O postulatach Londynu mówił dzień wcześniej w brytyjskim parlamencie minister ds. brexitu David Frost. - Nie możemy dłużej tak tego ciągnąć – podkreślił. – Musimy szybko uzgodnić moratorium.
Jego zdaniem konieczne są renegocjacje, aby nadać „nową równowagę” protokołowi północnoirlandzkiemu. W ocenie sekretarza stanu ds. Irlandii Północnej Brandona Lewisa przejściowe zawieszenie stosowania protokołu pozwoliłoby, „zająć się problemami w sposób całościowy”, zamiast wpadać z jednego kryzysu w drugi.
Bruksela wyklucza renegocjacje
Odpowiedź z Brukseli jest jednak stanowcza. Unia będzie nadal „kreatywna” i „elastyczna”, poruszając się jednak w ramach protokołu północnoirlandzkiego, napisała na Twitterze von der Leyen. – Ale nie będziemy renegocjować – oświadczyła po rozmowie z Johnsonem
Już w środę wiceprzewodniczący Komisji Europejskiej Marosz Szefczovicz oświadczył, że renegocjacje są wykluczone. Jak dodał, UE jest wprawdzie gotowa kontynuować dialog i szukać wspólnie z Londynem „innowacyjnych rozwiązań”. Ale to musi dziać się „w ramach” protokołu północnoirlandzkiego. Szefczowicz przypomniał też, że wynegocjowane nie bez trudu regulacje zostały ratyfikowane przez brytyjski parlament.
Problematyczna granica
Protokół przewiduje, że pomiędzy należącą do Wielkiej Brytanii Irlandią Północną a będącą członkiem UE Irlandią nie będzie granicy celnej, której przywrócenie – zdaniem obu stron – zagrażałoby porozumieniu wielkopiątkowemu z 1998 roku, które zakończyło konflikt w Irlandii Północnej.

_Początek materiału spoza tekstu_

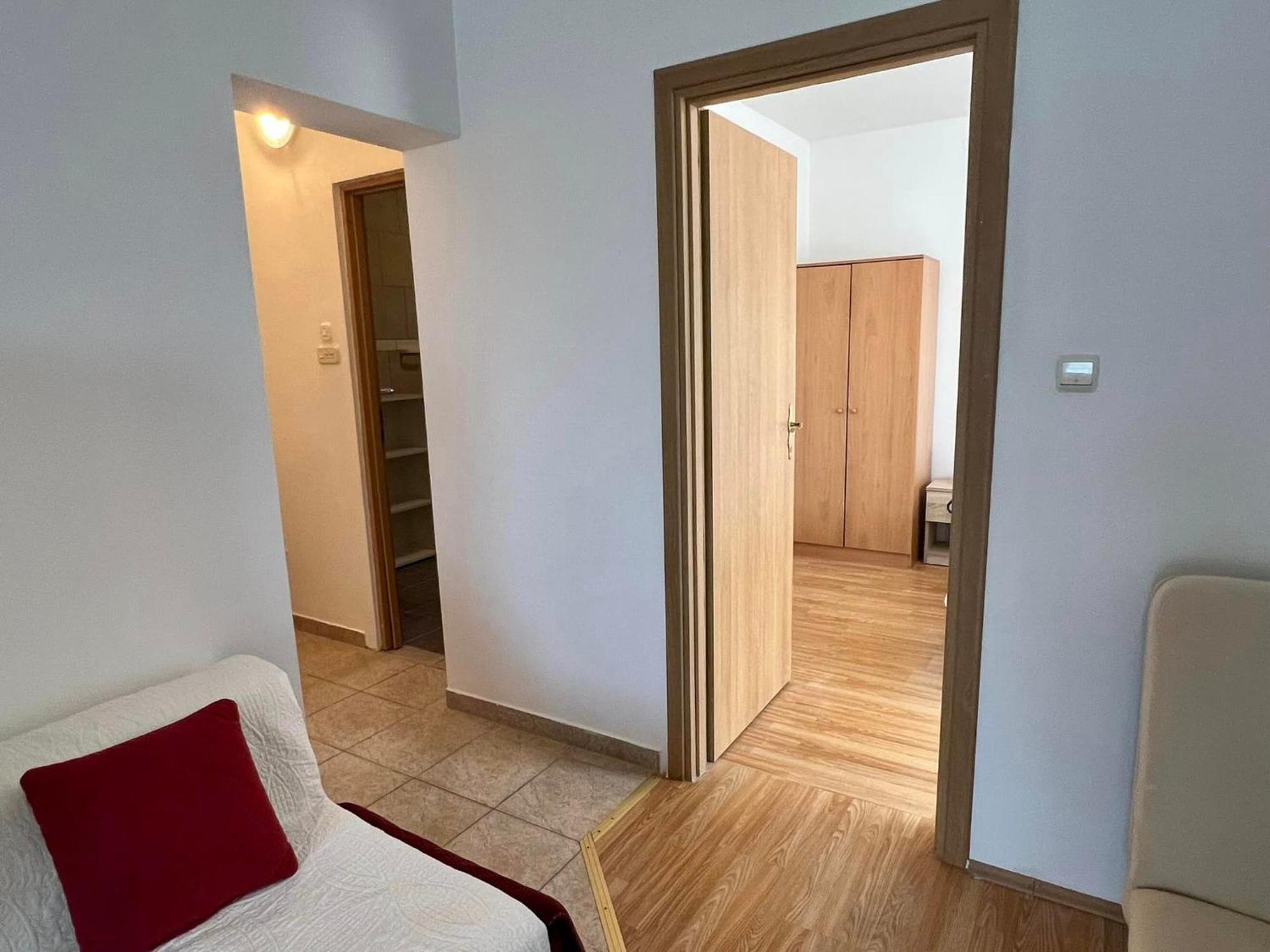 Apartments Monika Бибинє Екстер'єр фото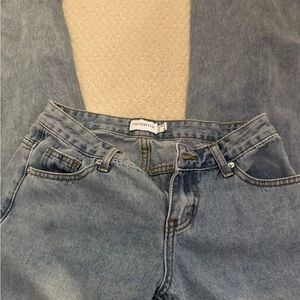 Thatssofetch Blue Jeans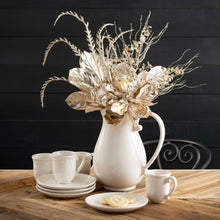 Load image into Gallery viewer, Scroll Embossed Pitcher
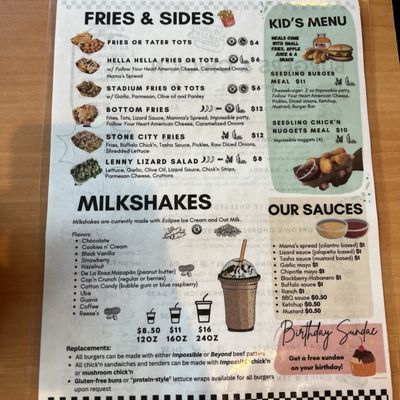 Malibu's Burgers - Oakland by null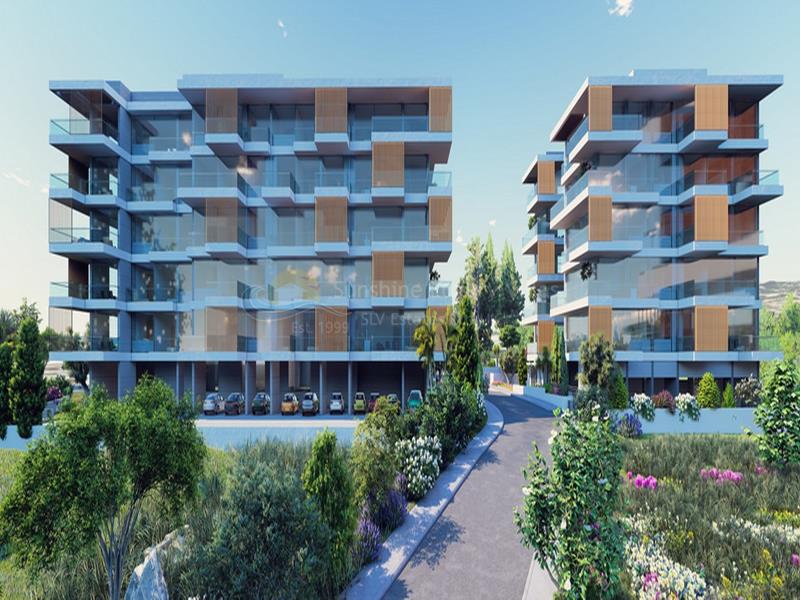 Apartment in Anavargos
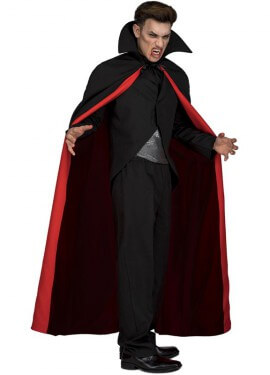 Graf Dracula Kostüm für Herren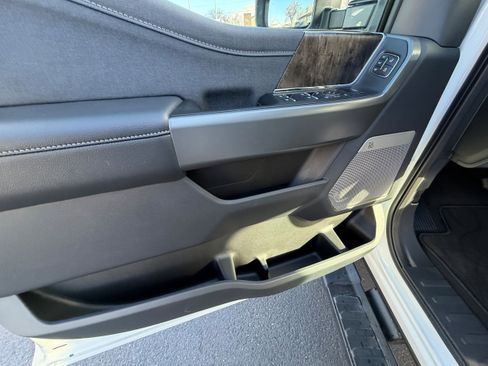 New 2026 Ford F350 Lariat w/ Black Appearance Package image 12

Zgodnie z protokołem kontrole celne mają być przeprowadzane między Irlandią Północną a Wielką Brytanią. Brytyjski rząd domaga się teraz przedłużenia regulacji przejściowych oraz złagodzenia kontroli dla określonych dóbr.
Stosowanie protokołu od miesięcy jest powodem sporu między UE a Wielką Brytanią. Unia już przedłużyła do 30 września wyjątki dotyczące kontroli celnych produktów mięsnych.
Również władze Irlandii odrzuciły postulaty Londynu, apelując o realistyczne podejście. Irlandzki minister spraw zagranicznych Simon Coveney powiedział w Dublinie, że protokół został uzgodniony wspólnie przez Brukselę i Londyn i musi być wspólnie wdrożony.
Krytyki nie szczędzą za to unioniści w Irlandii Północnej. Ich zdaniem protokół de facto tworzy granice morską pomiędzy Irlandią Północną a pozostałą częścią Wielkiej Brytanii. Obawiają się oni, że w ten sposób toruje się drogę do zjednoczenia Irlandii Północnej z Irlandią.